Mort cérébral du pré-carré
Si cette prise de distance américaine de la politique sahélienne de Macron apparait de manière évidente et forte au Niger, en réalité c’est bien au Tchad qu’on a commencé à en avoir les premiers signes. Après la mort brutale en avril 2021 du président tchadien Idriss Déby Washington n’avait pas apporté son soutien à la succession dynastique, à la différence de la France et de l’Union européenne qui ont avalisé la prise de pouvoir par son fils Mahamat Idriss Déby. Alors que la France faisait profil bas face aux violations répétées des droits de l’homme pendant la transition, Washington donnait de la voix pour critiquer le régime de Mahamat Idriss Déby. Fait notable et inédit : la diplomatie américaine a doublé l’Elysée et le Quai d’Orsay pour faciliter la sortie du territoire tchadien de l’opposant Succès Masra après la sanglante répression de la marche du parti d’opposition Les Transformateurs en avril 2022. Washington avait ensuite organisé l’accueil et l’exil provisoire sur le sol américain de l’opposant après avoir facilité son départ négocié avec le pouvoir de N’Djamena.
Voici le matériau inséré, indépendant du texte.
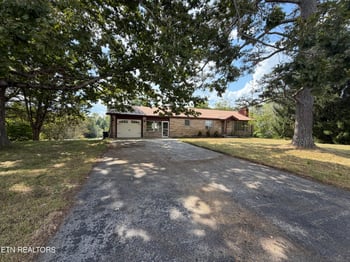 6111 Nashville Hwy, Deer Lodge, TN 37726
Pour la diplomatie américaine, son positionnement au Tchad et sa posture au Niger marquent bien plus qu’une prise de distance avec la France, mais un vrai changement de paradigme. Fini donc l’époque où Washington sous-traitait sa politique africaine à la France, aligner systématiquement ses positions africaines derrière celles de la France dont la diplomatie américaine louait l’excellente expertise africaine. Les Américains veulent désormais définir et mettre en œuvre leur propre politique africaine, forcément différente de celle de la France qui enregistre revers sur revers, particulièrement au Sahel, depuis l’arrivée de Macron à l’Elysée.
Diplomatie de coups de menton
Il n’y a pas que les Américains qui trouvent à redire face aux errements de la diplomatie de la France au Sahel. Dans les salons feutrés et les bureaux parisiens, diplomates et militaires critiquent à demi-mots des décisions insensées dont ils sont chargés d’assurer le service après-vente. On vient d’en avoir deux preuves éclatantes avec le rappel à Paris l’ambassadeur de France à Niamey Sylvain Itté ainsi que le départ des troupes françaises du Niger. Après avoir refusé pendant deux mois d’accéder aux demandes de la junte sur ces deux points, Macron a fini par céder, provoquant des scènes de joie et des cris de victoire parmi les militaires au pouvoir et dans les rues de la capitale nigérienne. C’est contre cette diplomatie verticale faite de coups de menton, d’excès d’égo et de décisions hors sol que les Américains ont préféré se démarquer totalement au Sahel.